**What is expected**
Pictures are to be left out, and only the lines below starting at the one with "Professional electrician in" and ending at the one with "Just Elegance Womens" are to be reproduced, each exactly, both ends included.

**Supplied material**
[Start of Attachment]

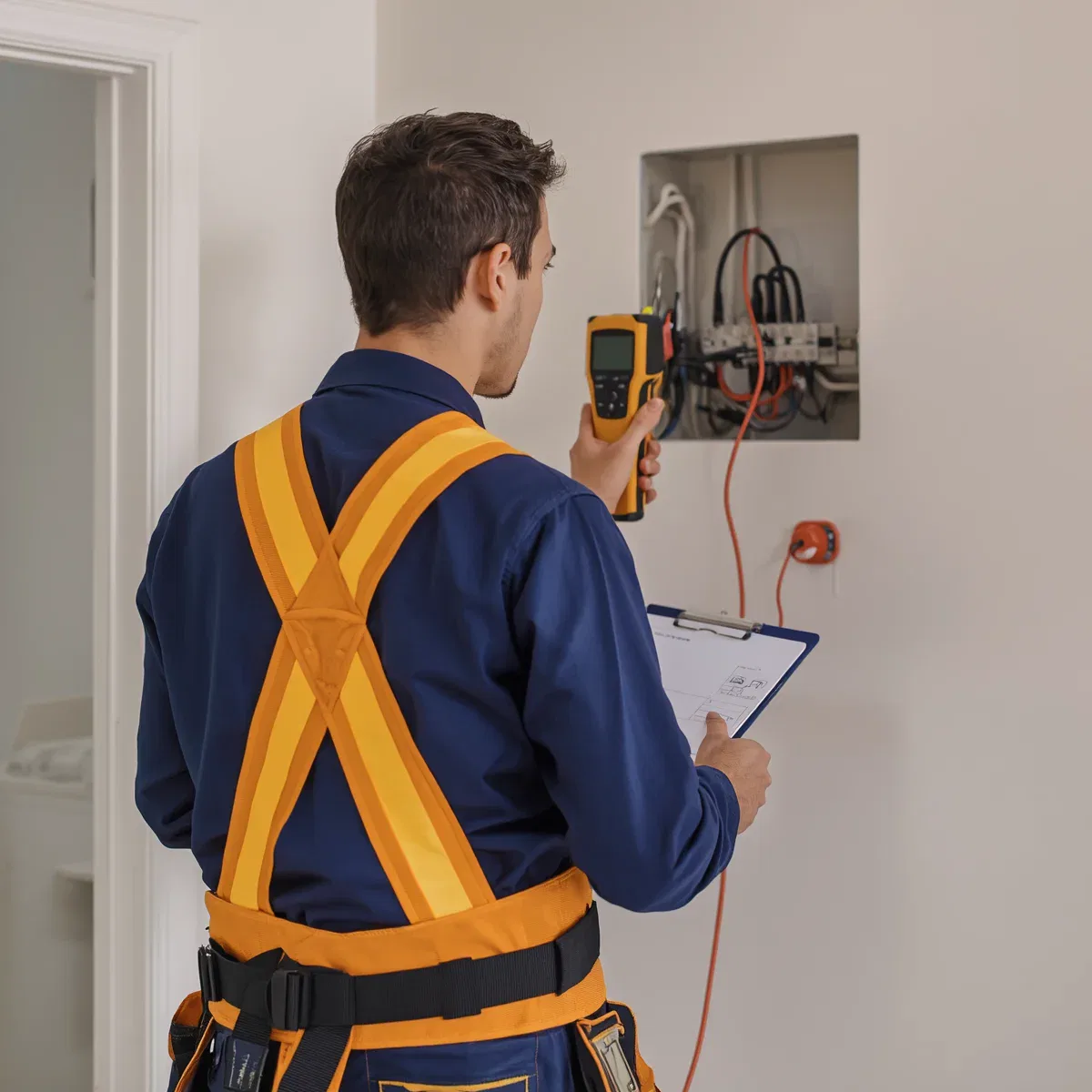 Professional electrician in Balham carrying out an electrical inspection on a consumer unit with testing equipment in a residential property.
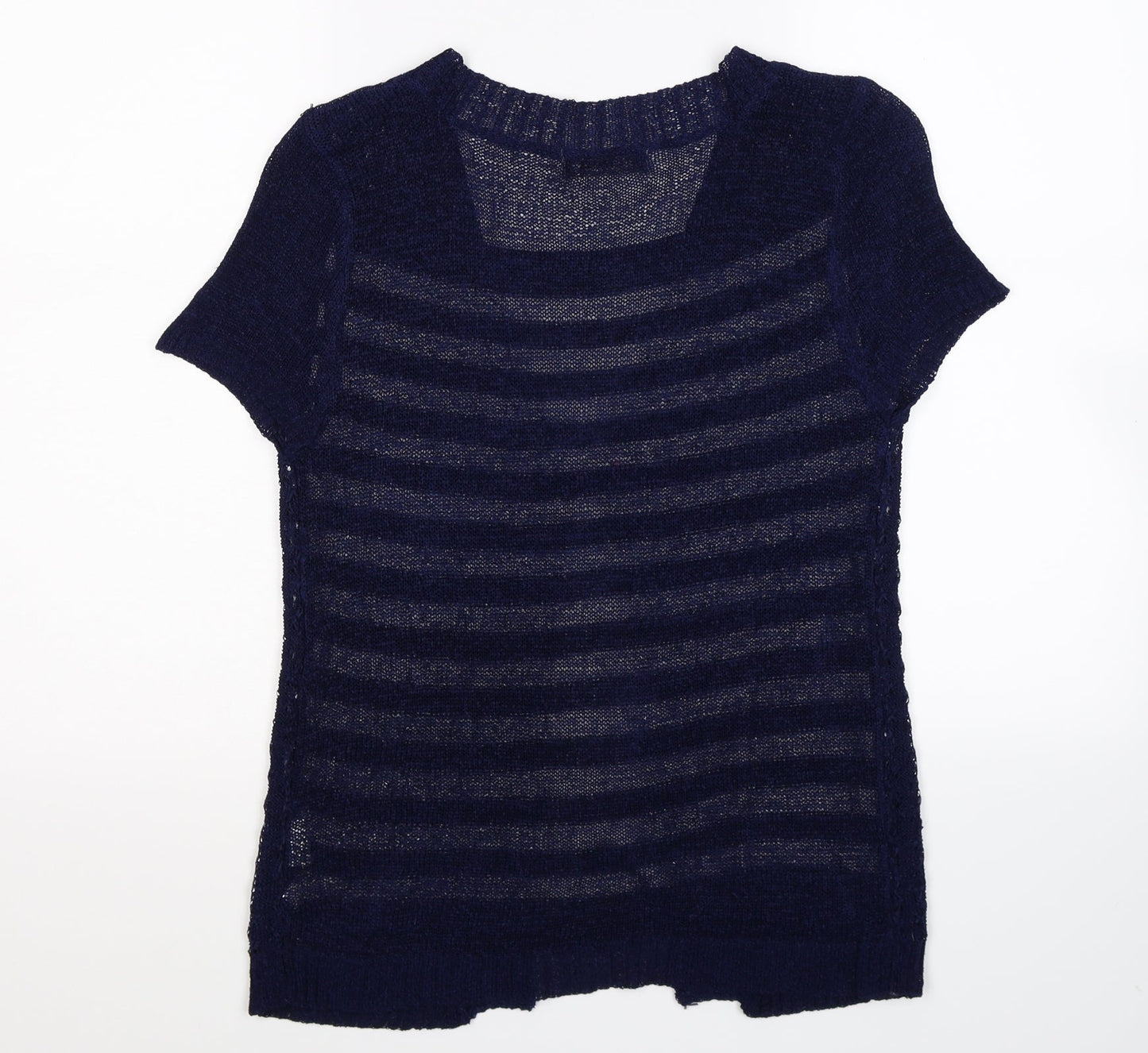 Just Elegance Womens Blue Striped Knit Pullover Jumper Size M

[End of Attachment]
[Start of Attachment]

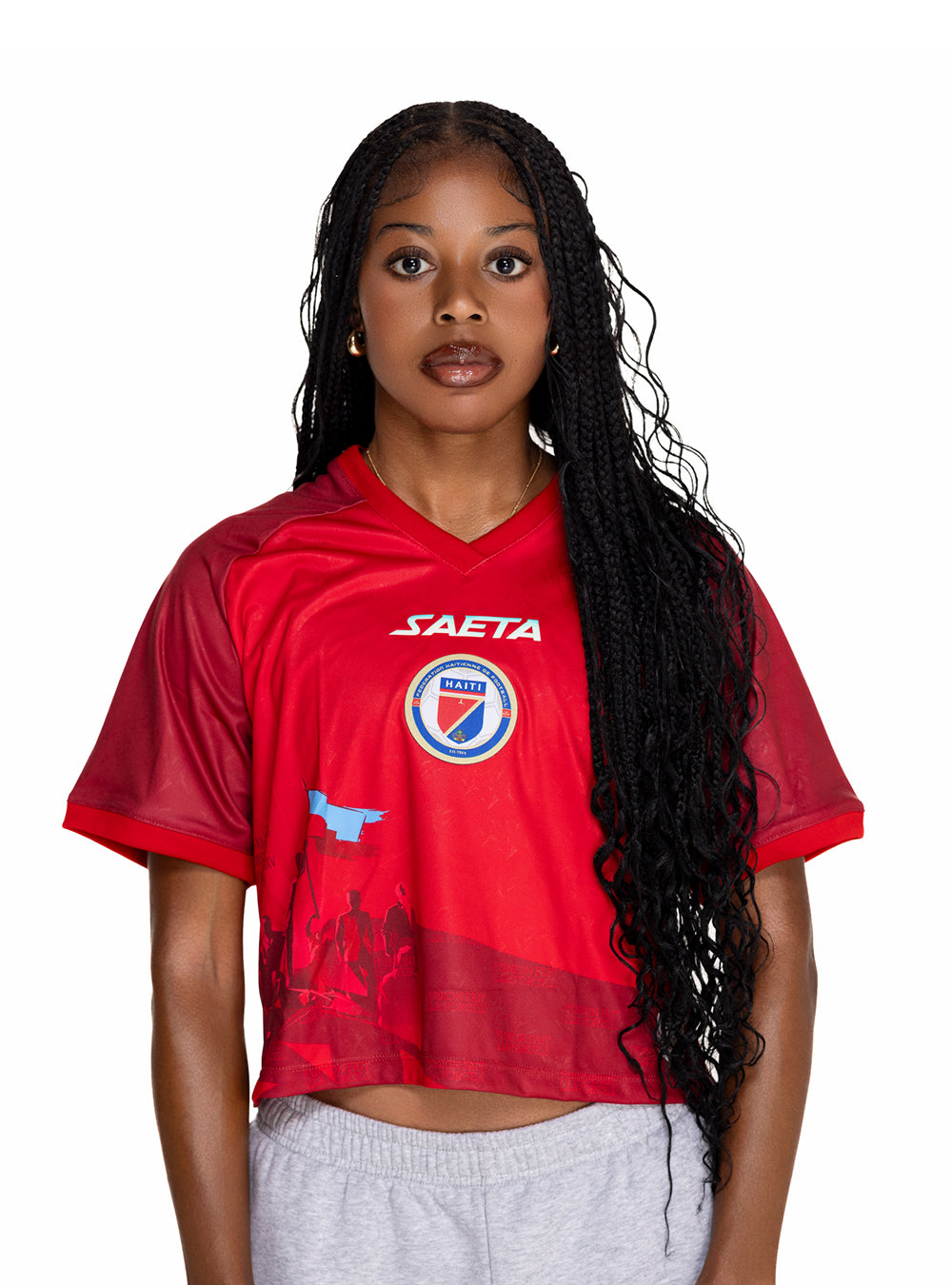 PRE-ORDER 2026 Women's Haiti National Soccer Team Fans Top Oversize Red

[End of Attachment]

**Reply**
 Professional electrician in Balham carrying out an electrical inspection on a consumer unit with testing equipment in a residential property.
 Just Elegance Womens Blue Striped Knit Pullover Jumper Size M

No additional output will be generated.